[Crawled caption data]
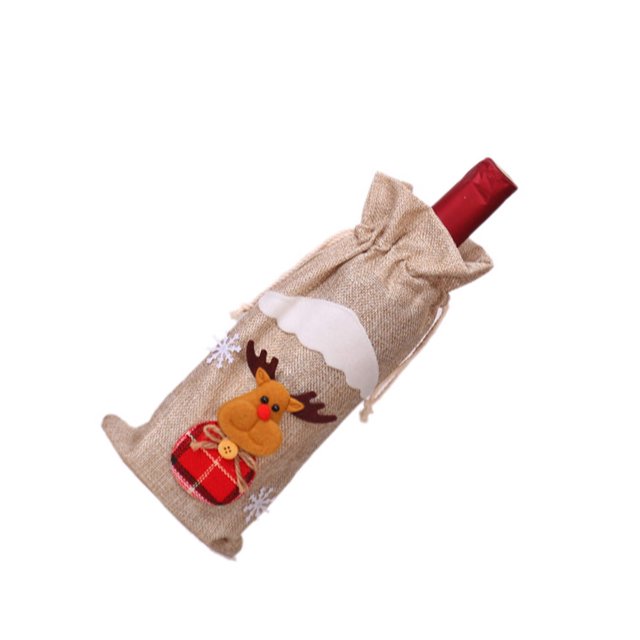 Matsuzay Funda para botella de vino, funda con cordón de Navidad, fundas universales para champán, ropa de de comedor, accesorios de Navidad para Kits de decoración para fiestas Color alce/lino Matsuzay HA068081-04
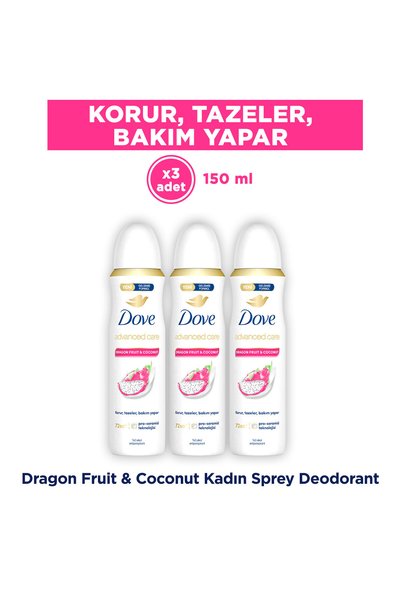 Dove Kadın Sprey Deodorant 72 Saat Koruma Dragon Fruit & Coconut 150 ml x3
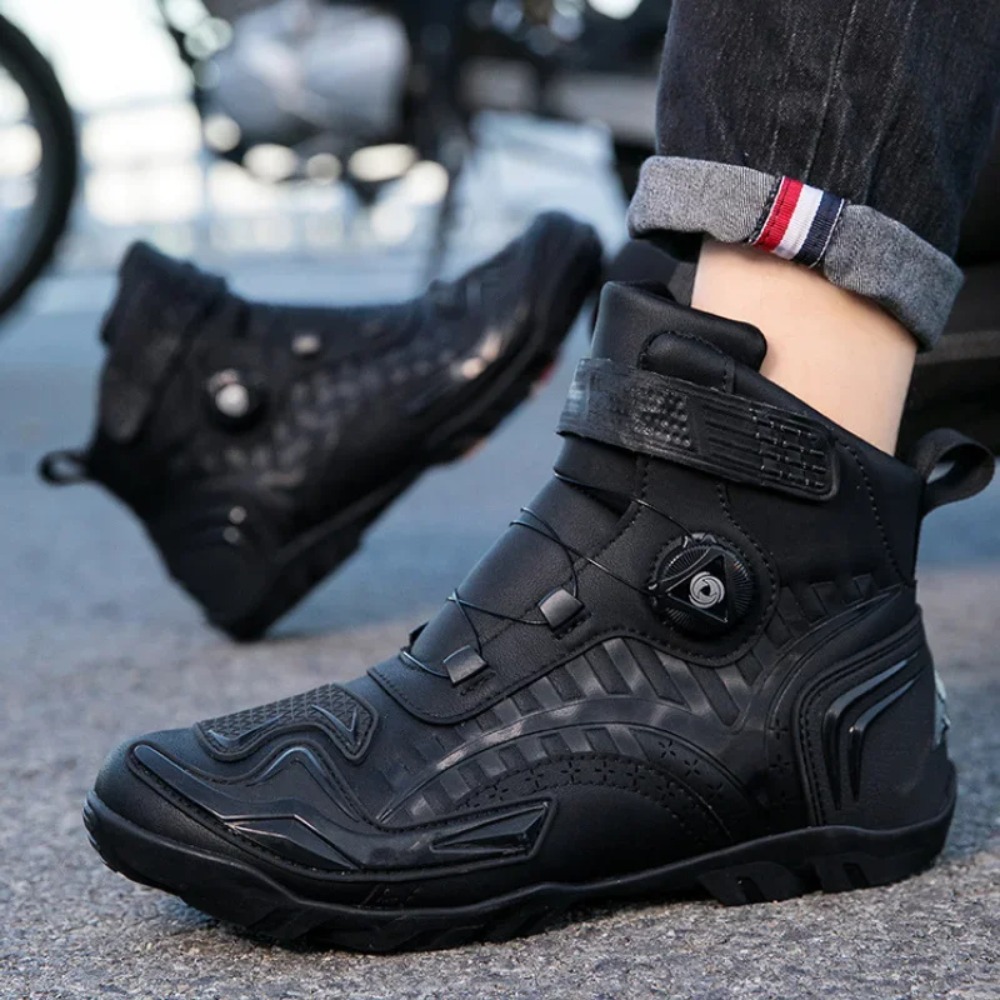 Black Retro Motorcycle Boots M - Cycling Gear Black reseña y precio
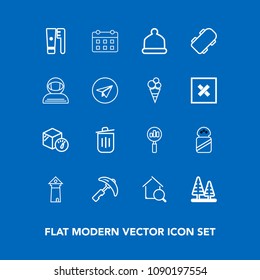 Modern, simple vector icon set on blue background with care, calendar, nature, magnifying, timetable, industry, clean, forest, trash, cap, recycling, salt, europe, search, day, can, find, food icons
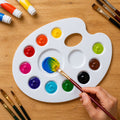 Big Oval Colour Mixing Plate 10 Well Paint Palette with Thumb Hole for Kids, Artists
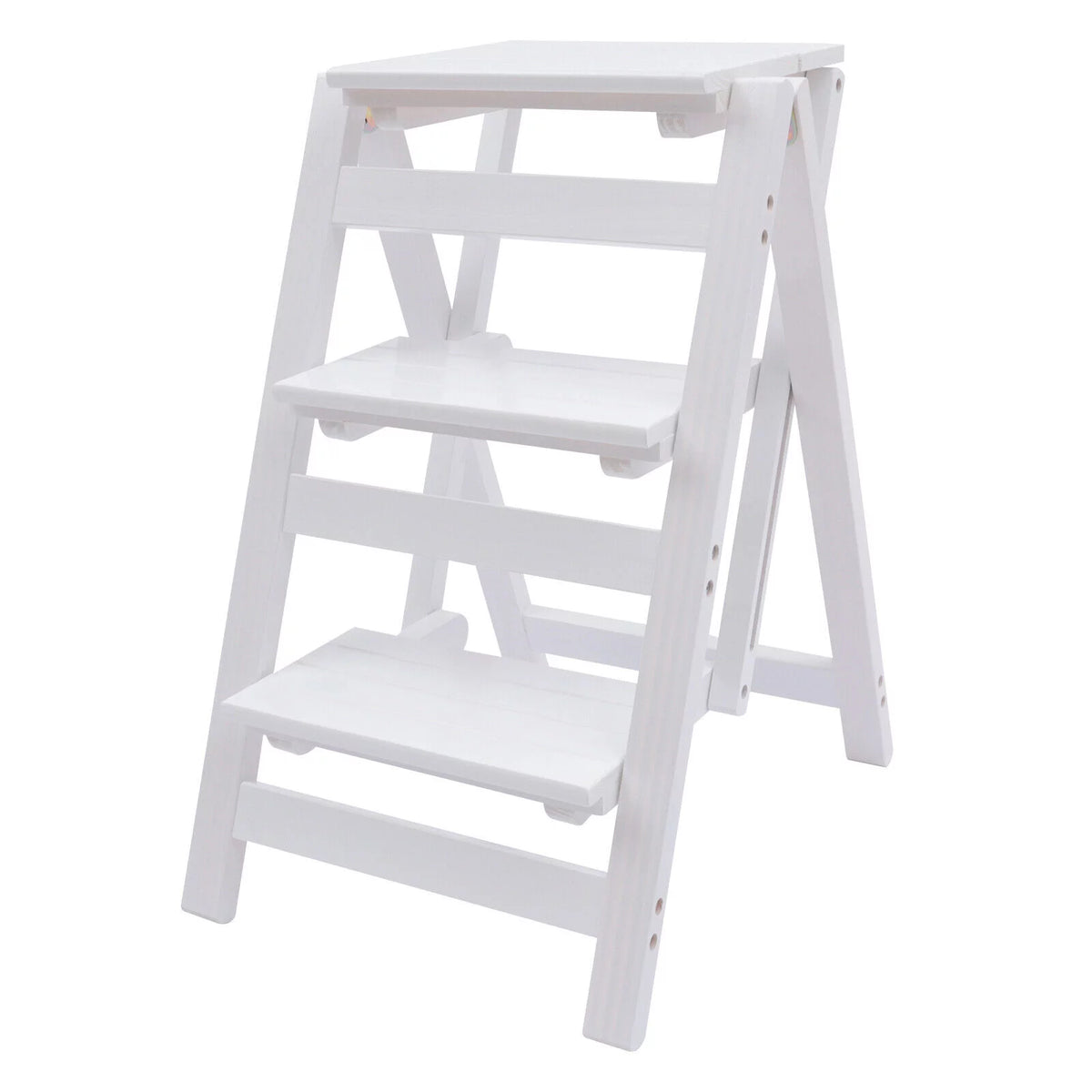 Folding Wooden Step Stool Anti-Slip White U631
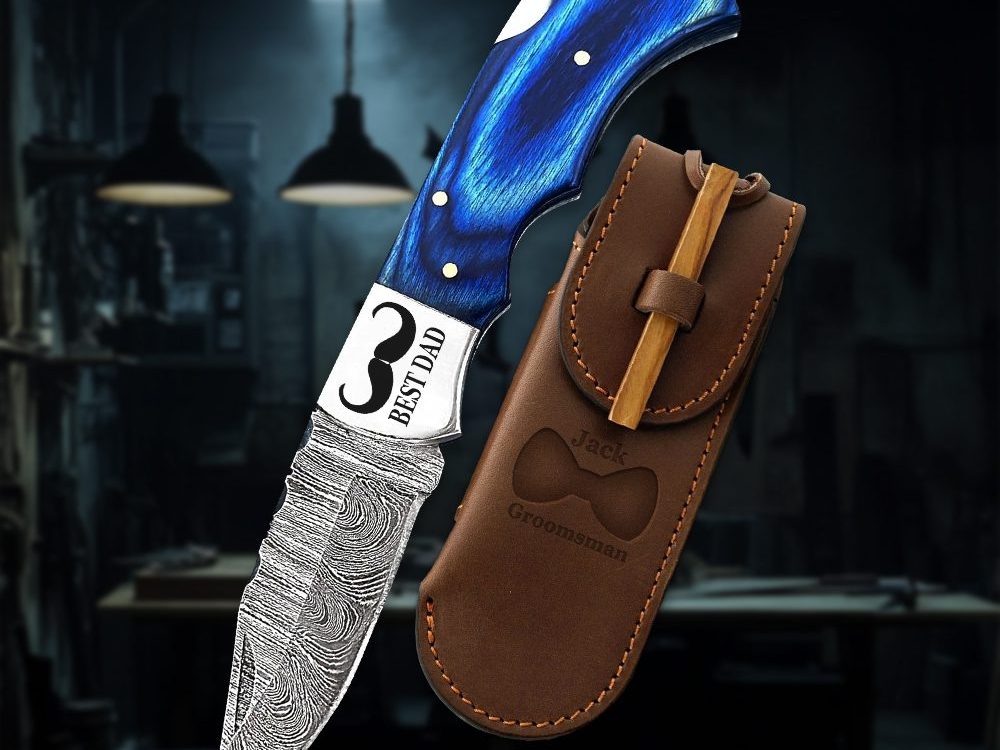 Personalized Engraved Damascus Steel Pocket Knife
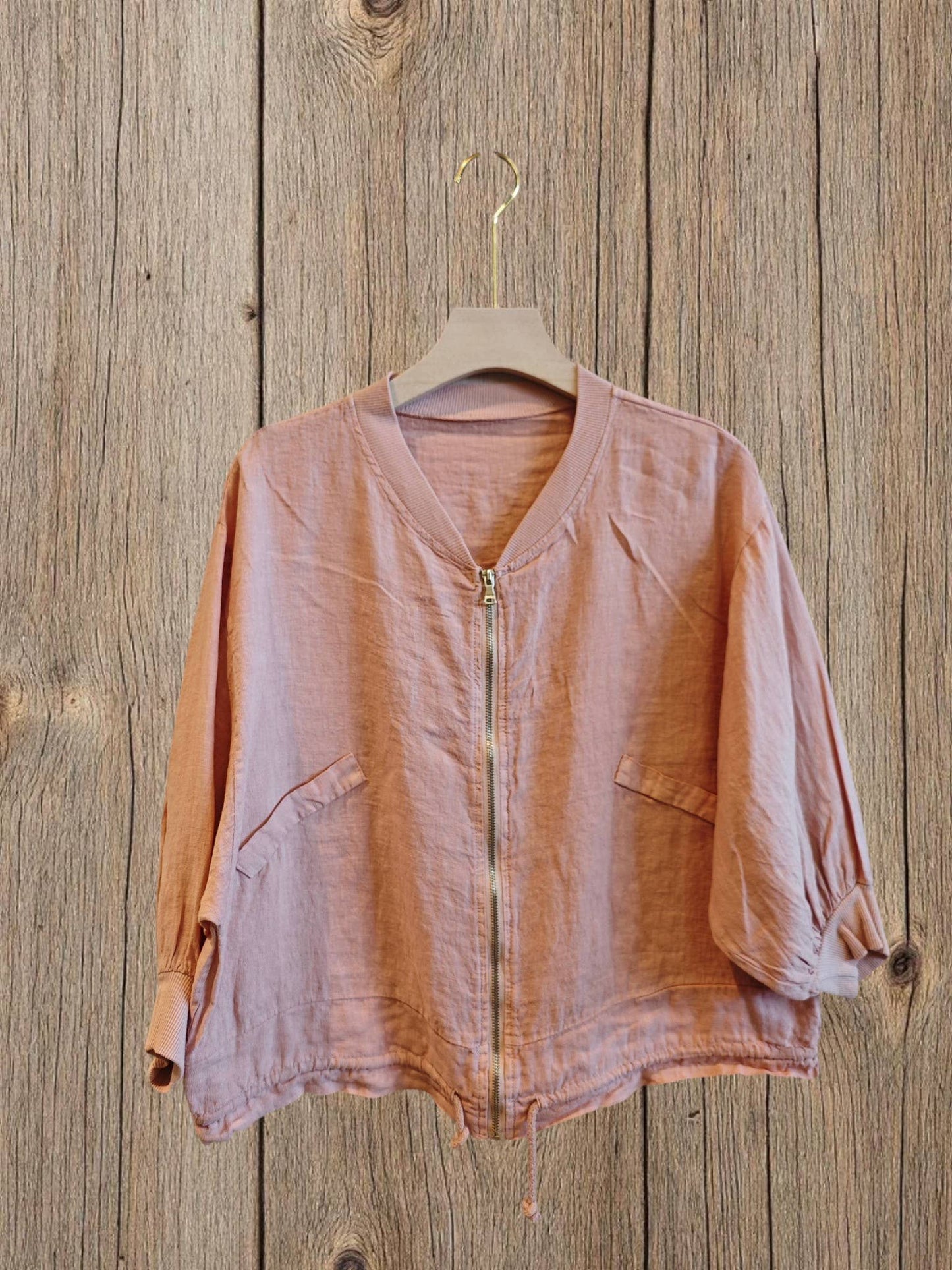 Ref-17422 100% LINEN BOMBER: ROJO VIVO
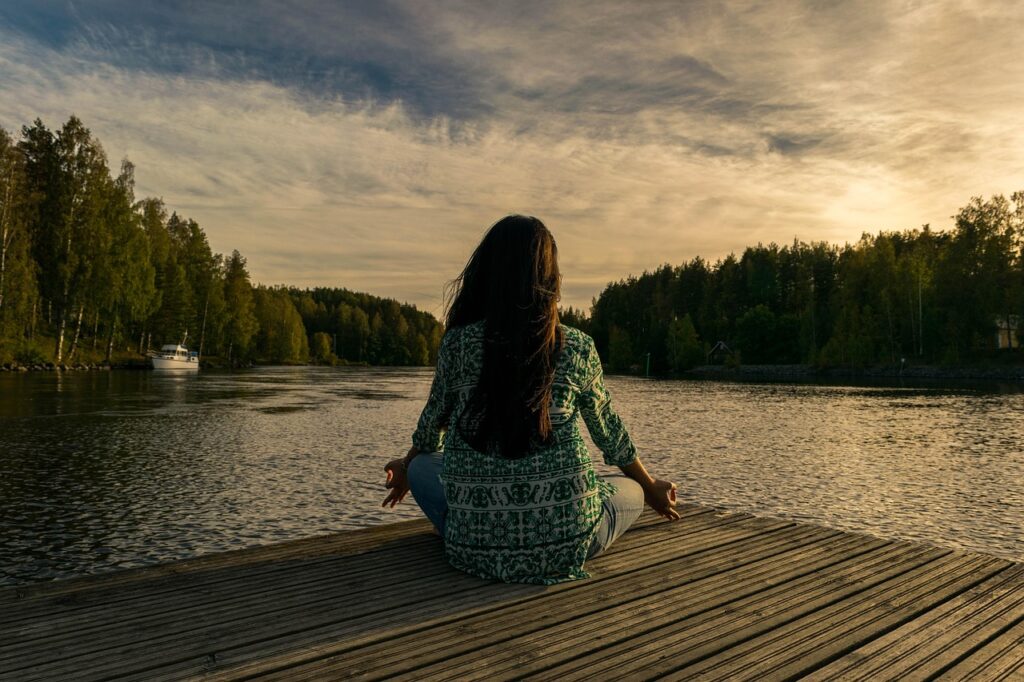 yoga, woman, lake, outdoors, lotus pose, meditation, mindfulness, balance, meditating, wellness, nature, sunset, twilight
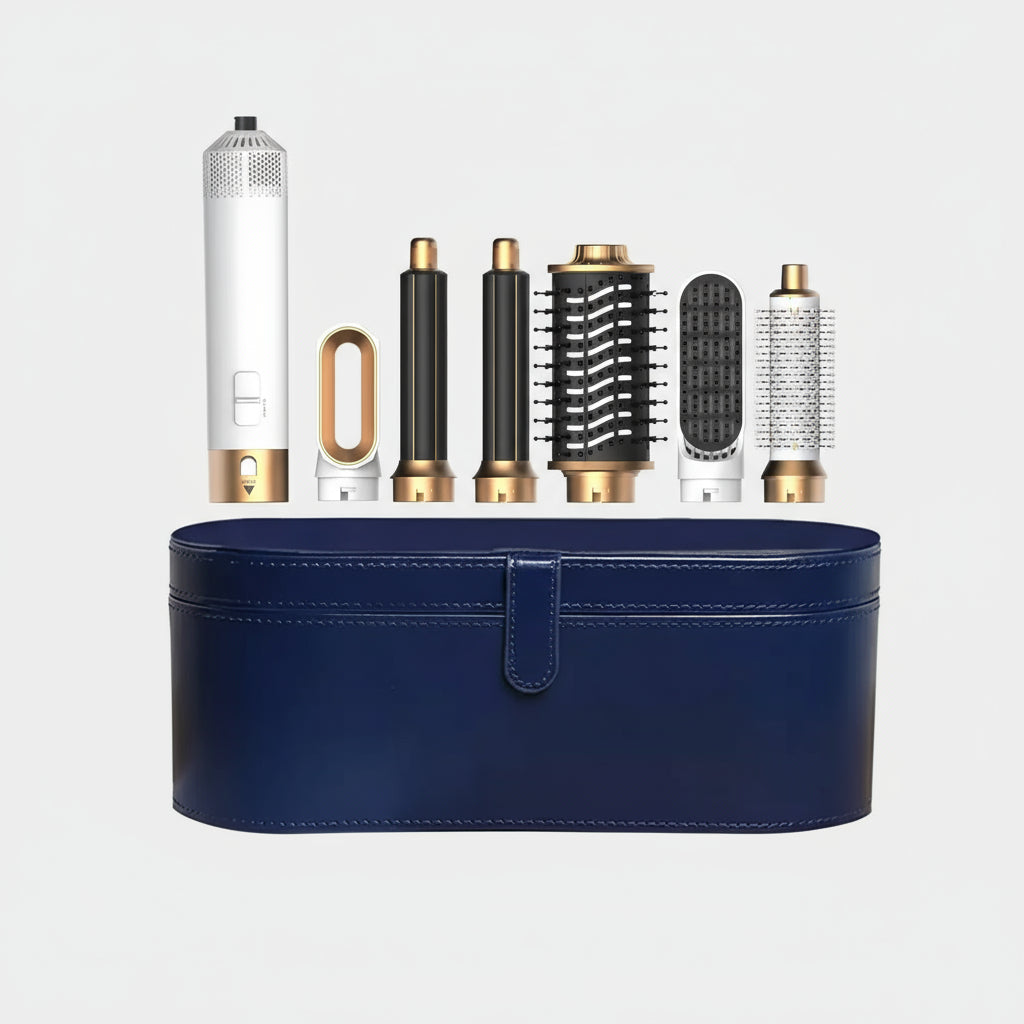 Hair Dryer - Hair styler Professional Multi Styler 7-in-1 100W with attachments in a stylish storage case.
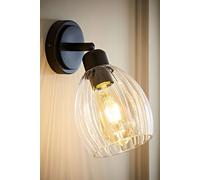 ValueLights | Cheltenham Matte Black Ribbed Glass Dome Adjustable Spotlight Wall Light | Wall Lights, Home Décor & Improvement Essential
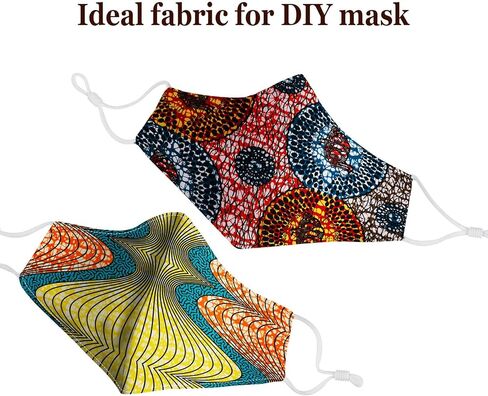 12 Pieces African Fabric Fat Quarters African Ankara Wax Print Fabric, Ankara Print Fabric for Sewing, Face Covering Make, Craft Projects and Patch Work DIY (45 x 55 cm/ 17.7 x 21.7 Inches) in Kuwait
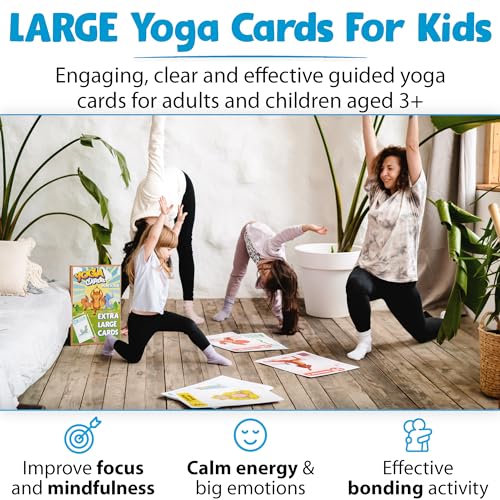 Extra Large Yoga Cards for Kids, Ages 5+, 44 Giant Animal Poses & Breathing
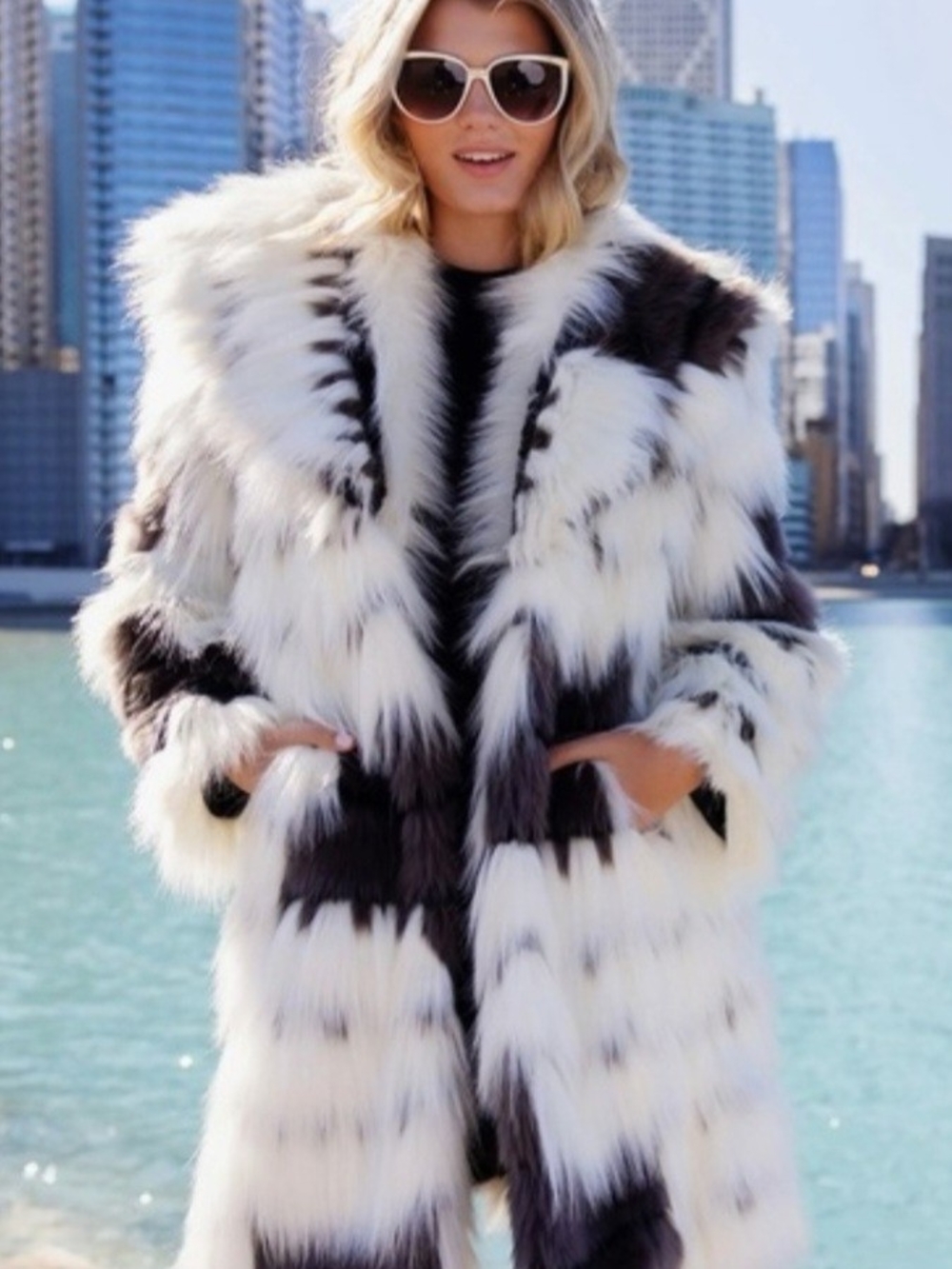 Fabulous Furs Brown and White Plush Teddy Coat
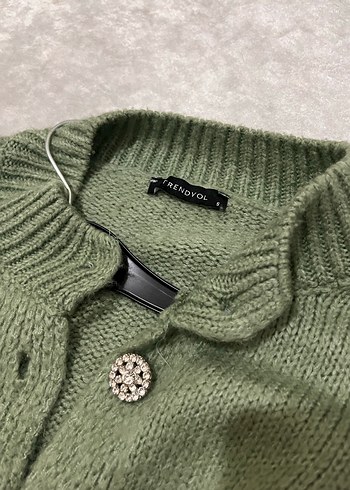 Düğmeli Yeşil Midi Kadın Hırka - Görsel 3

What the exercise asks: All lines from the one holding "Extra Large Yoga" through the last line of the entries, and nothing else, are to be output exactly; leave out the pictures.

Response area:
 Extra Large Yoga Cards for Kids, Ages 5+, 44 Giant Animal Poses & Breathing
 Fabulous Furs Brown and White Plush Teddy Coat
 Düğmeli Yeşil Midi Kadın Hırka - Görsel 3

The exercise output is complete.